Os sinais da decadência vêm de longe…

"Bolsonaro veste chinelo? Jânio vestia alpargatas Sete-Vidas, com sola de borracha." Flávio Aguiar faz um breve panorama das estratégias da direita frente ao Governo Federal desde o fim do Estado Novo até os tempos que correm.

Por Flávio Aguiar.

Nos tempos eleitorais que se seguiram ao fim do Estado Novo, a primeira tentativa oficial da direita era bonita e engomadinha: o Brigadeiro Eduardo Gomes, que voltaria a concorrer. Solteirão, atraía as moças, que fizeram campanha vendendo os bolinhos do chocolate que ganhariam, no Brasil inteiro, o nome da sua patente aeronáutica, menos no Rio Grande do Sul, onde se chamam de “negrinho”. Tinha apoio até da esquerda socialista. Não deu certo. Na prorrogação, Getúlio apoiou Dutra, e este ganhou. Foi um desastre.
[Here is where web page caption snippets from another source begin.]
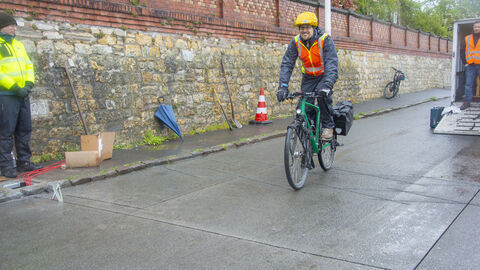 Ein erster Test der neuen Dauerzählstelle am Rheinuferradweg in Wiesbaden-Biebrich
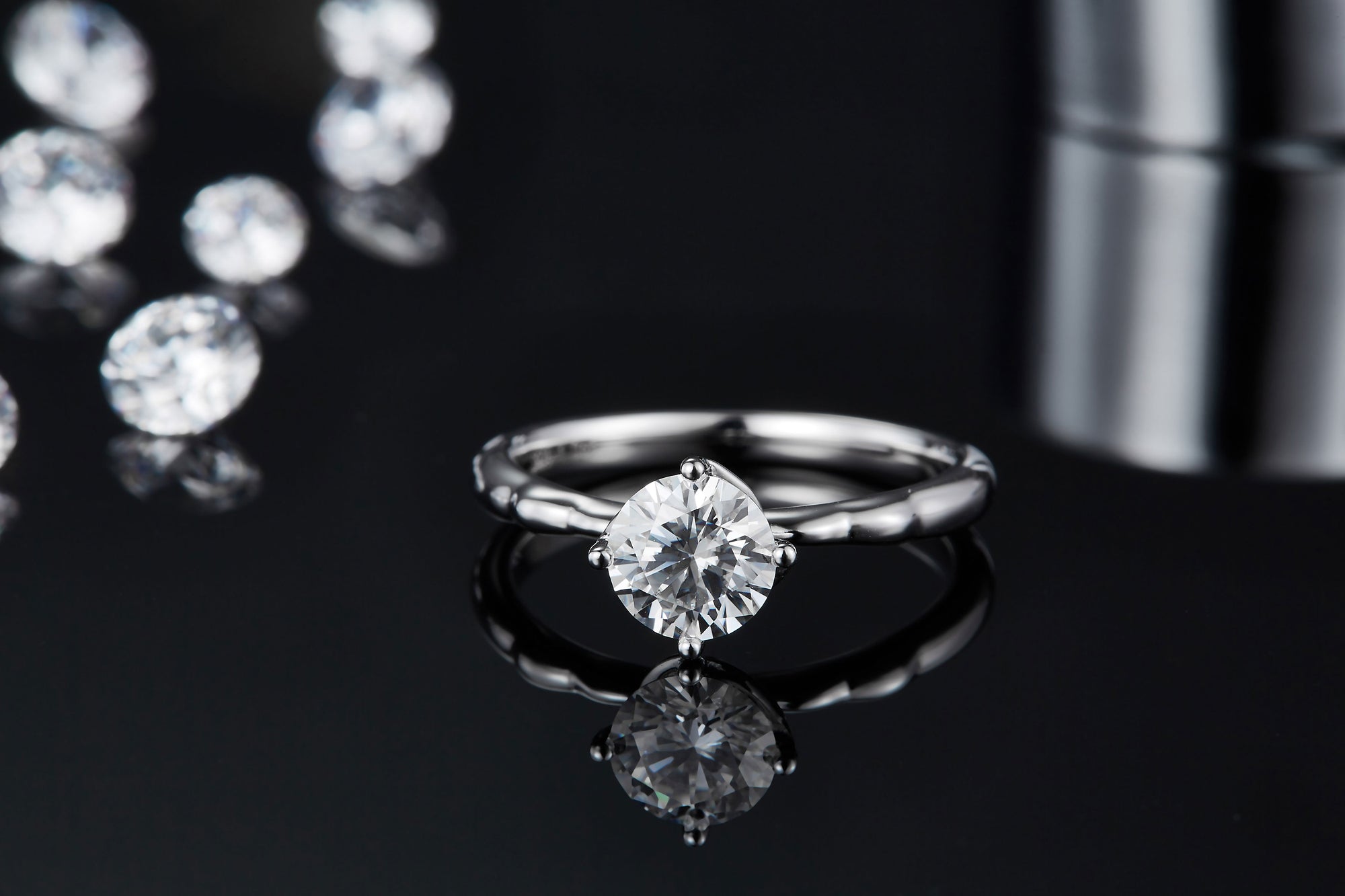 1-carat Luxury And Fashionable Light Luxury Jewelry Silver Ring Set With Top-quality Moissanite, S925 Silver Plated Platinum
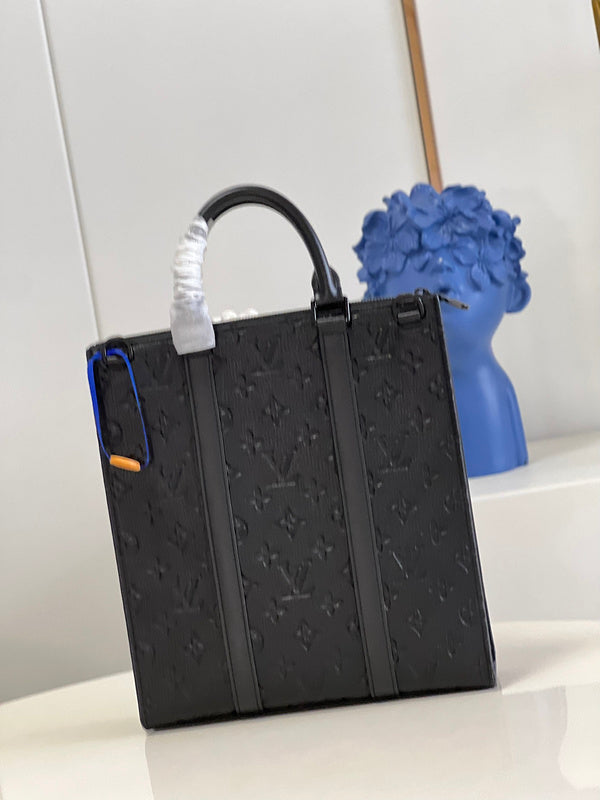 LOV - Luxurious Totes - 1610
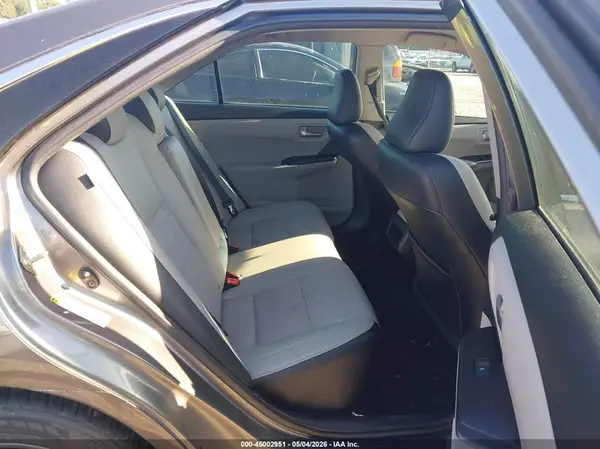 4T1BF1FK1HU633161 2017 TOYOTA CAMRY - Image 8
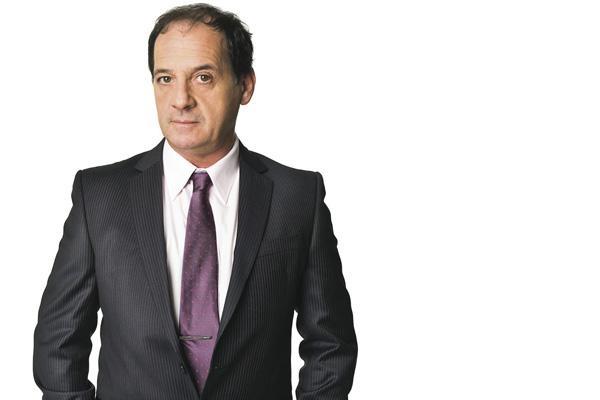 Los amores de Julio Chaacutevez atrapan al puacuteblico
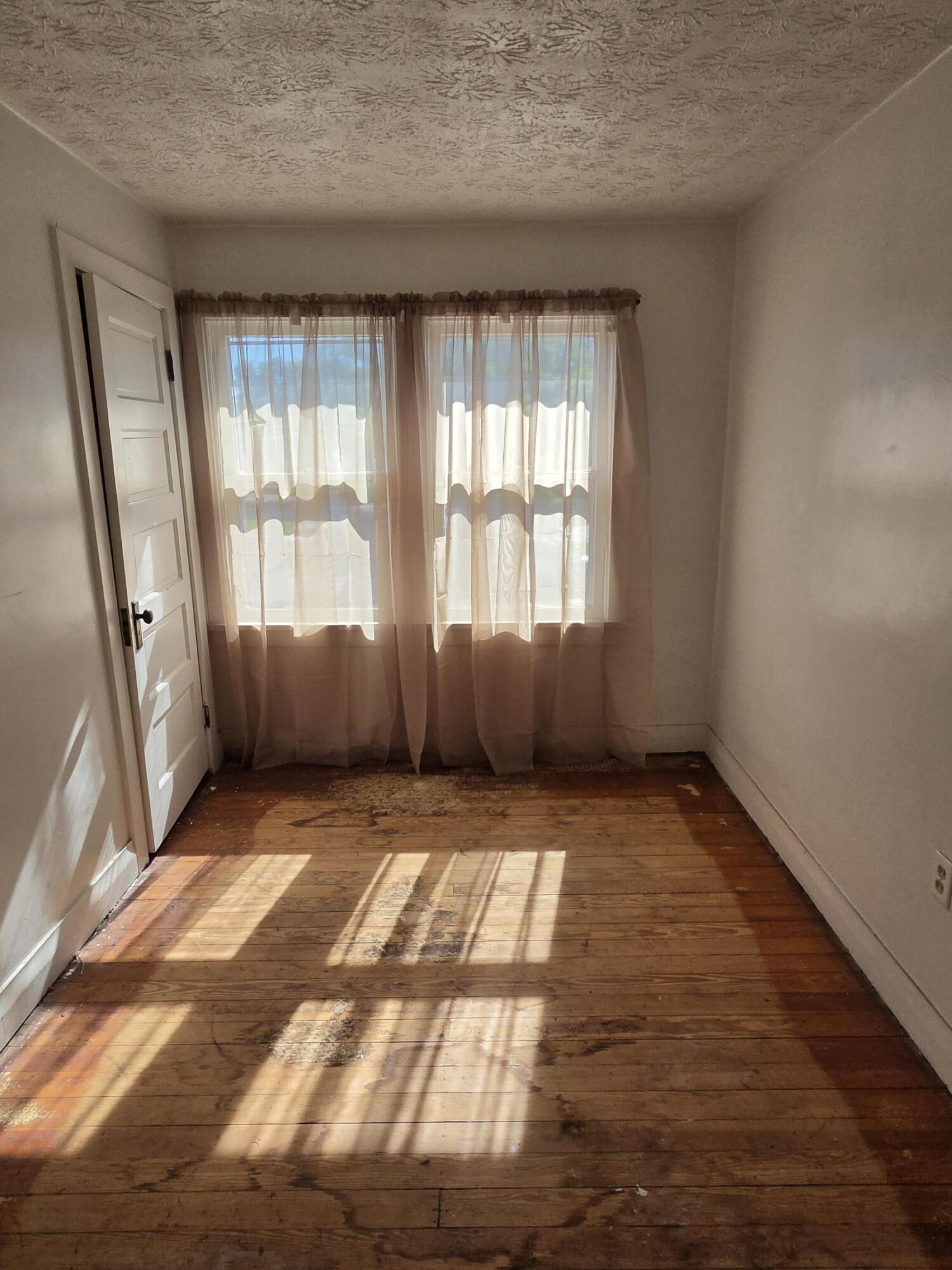 2077 Stanview, Dayton, Ohio 45404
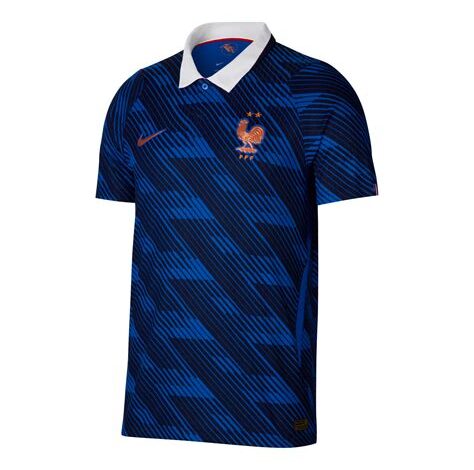 Le maillot de foot, l’objet de mode qui a révolutionné votre quotidien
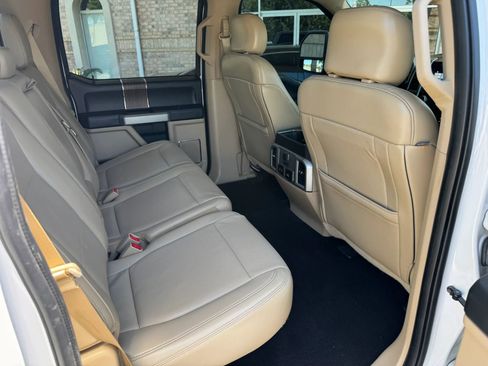 Used 2017 Ford F150 Lariat w/ Equipment Group 502A Luxury AWD/4WD image 19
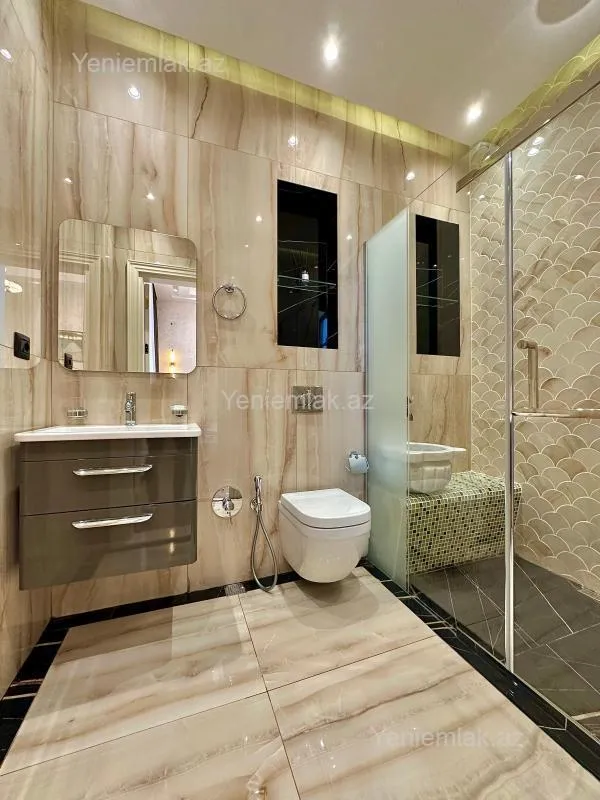 Satılır 4 otaqlı həyət evi 290 m²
Em 1950, o Brigadeiro voltou à carga. Perdeu de novo, desta vez para o próprio Vargas. Lema: “vote no Brigadeiro, ele é bonito e é solteiro”.

Em 55, depois do trauma de 54, a direita tentou com Juarez Távora, também militar, também bonitão, também não deu certo. Só ganhou no Nordeste, com exceção do Rio Grande do Norte. Bom, havia o concorrente Adhemar de Barros, que ganhou em S. Paulo e no Paraná, além de no Amazonas e Rondônia. Juscelino e sua mineirice levaram.

Daí as direitas aprenderam. Em 1960 voltaram com um candidato populista: Jânio Quadros, um desequilibrado. Bolsonaro veste chinelo? Jânio vestia alpargatas Sete-Vidas, com sola de borracha. Conseguiu se indispor com a UDN que o elegeu. E as direitas tiveram que engolir Jango na vice. Deu na renúncia, tentativa de golpe em 61, resistência, Legalidade, Jango assumiu em meio a um acordão chamado “parlamentarismo”, que durou pouco.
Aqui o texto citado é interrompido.